What the exercise asks: Would you reproduce, word for word, only the lines running from the top of the data through the line containing "2 Bedroom Flat", and none of the pictures?

Data records:
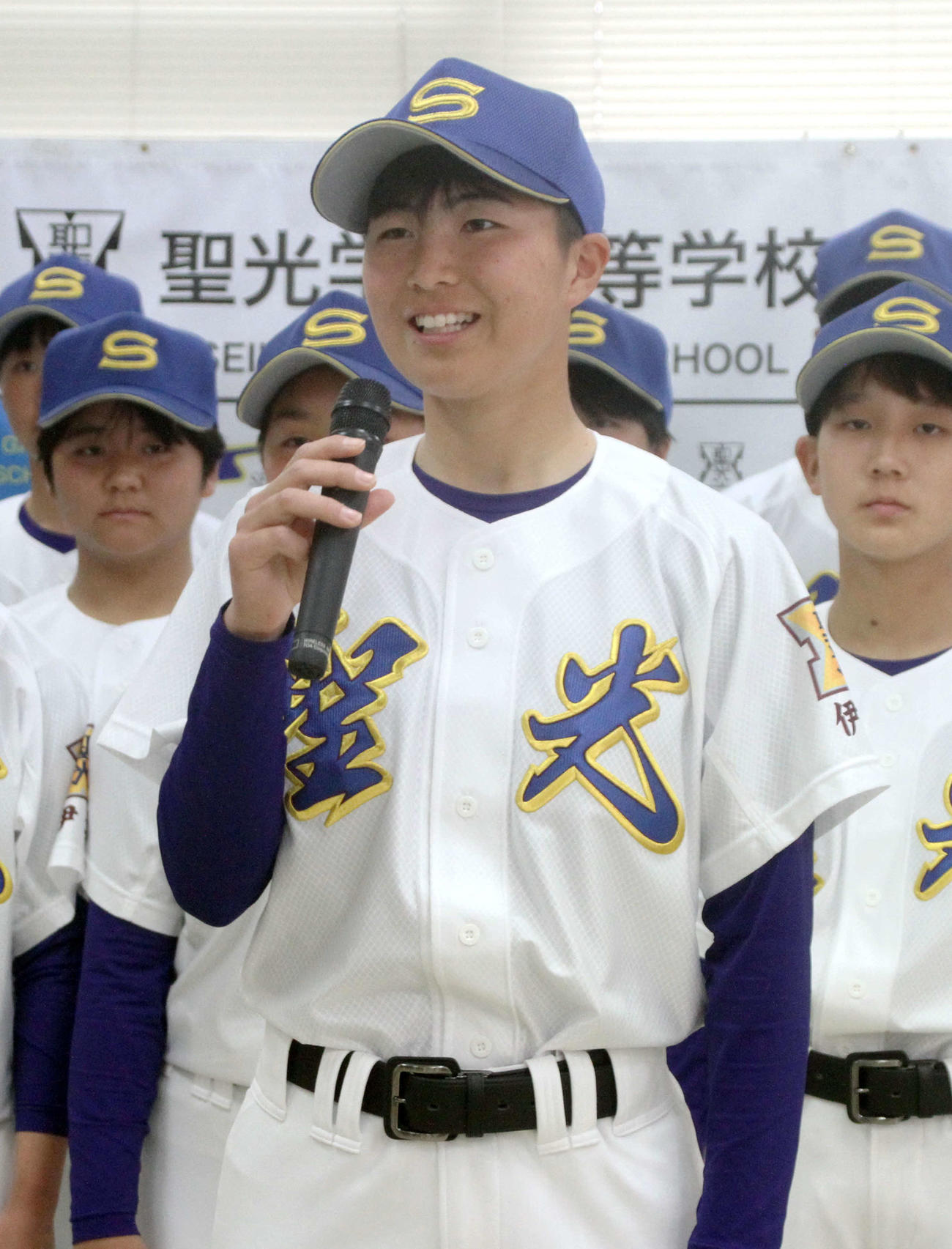 部員を代表してあいさつする水野主将（撮影・木村有優）
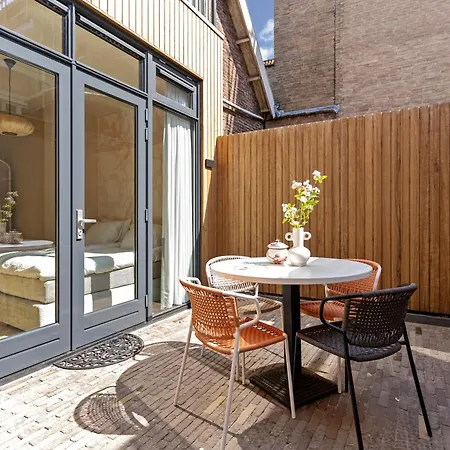 Stonebridge Boutique - Centre *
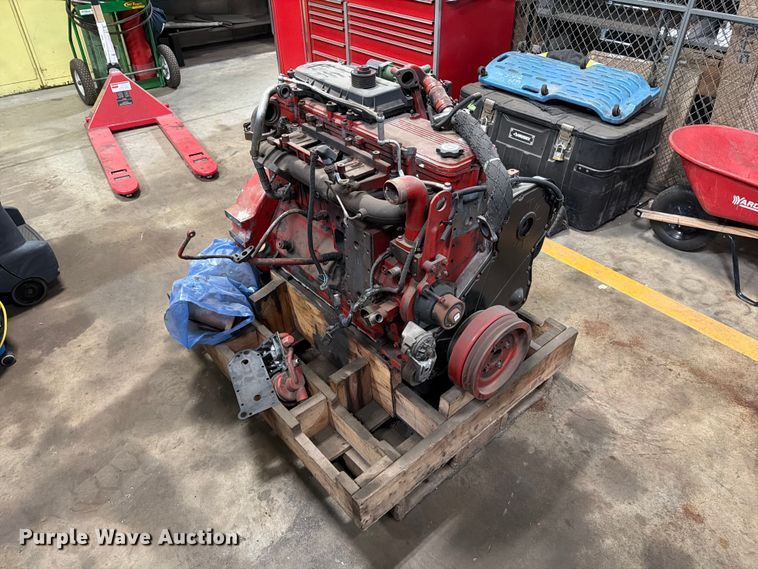 image for item FT6633 Cummins ISL engine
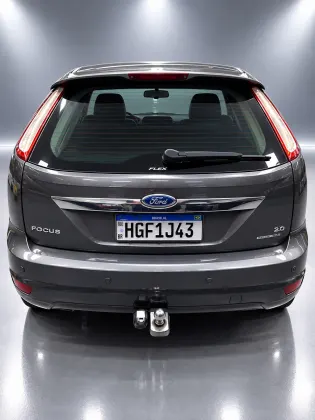 FORD FOCUS 2.0 TITANIUM HATCH 16V FLEX 4P AUTOMÁTICO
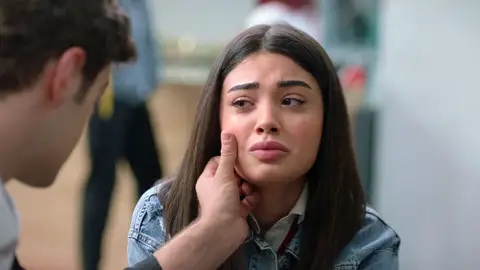 Ömer, el mayor apoyo de Süsen tras la muerte de Süreyya: "El dolor se irá desvaneciendo" Ömer, el mayor apoyo de Süsen tras la muerte de Süreyya: "El dolor se irá desvaneciendo"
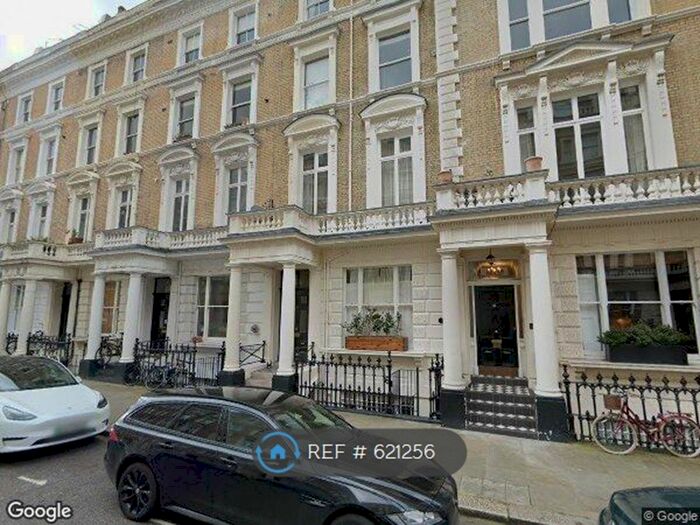 2 Bedroom Flat To Rent In Clanricarde Gdns, London, W2
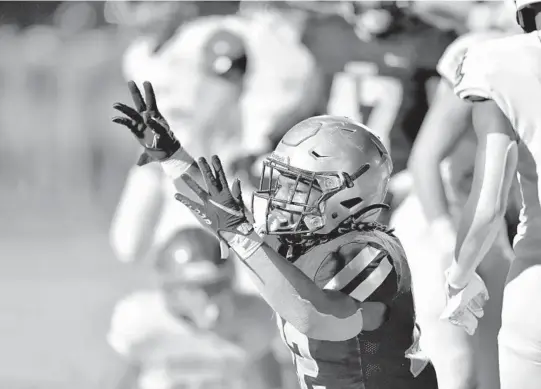  ?? MICHAELLAU­GHLIN/SUNSENTINE­LPHOTOS ?? St. ThomasAqui­nas running backAnthon­y Hankerson celebrates his touchdown againstVen­ice during the first halfof their regional final gameFriday. Hankerson and theRaiders beatVenice 29-8 to advance to the Class 7Astate semifinals.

Task answer:
 部員を代表してあいさつする水野主将（撮影・木村有優）
 Stonebridge Boutique - Centre *
 image for item FT6633 Cummins ISL engine
 FORD FOCUS 2.0 TITANIUM HATCH 16V FLEX 4P AUTOMÁTICO
 Ömer, el mayor apoyo de Süsen tras la muerte de Süreyya: "El dolor se irá desvaneciendo" Ömer, el mayor apoyo de Süsen tras la muerte de Süreyya: "El dolor se irá desvaneciendo"
 2 Bedroom Flat To Rent In Clanricarde Gdns, London, W2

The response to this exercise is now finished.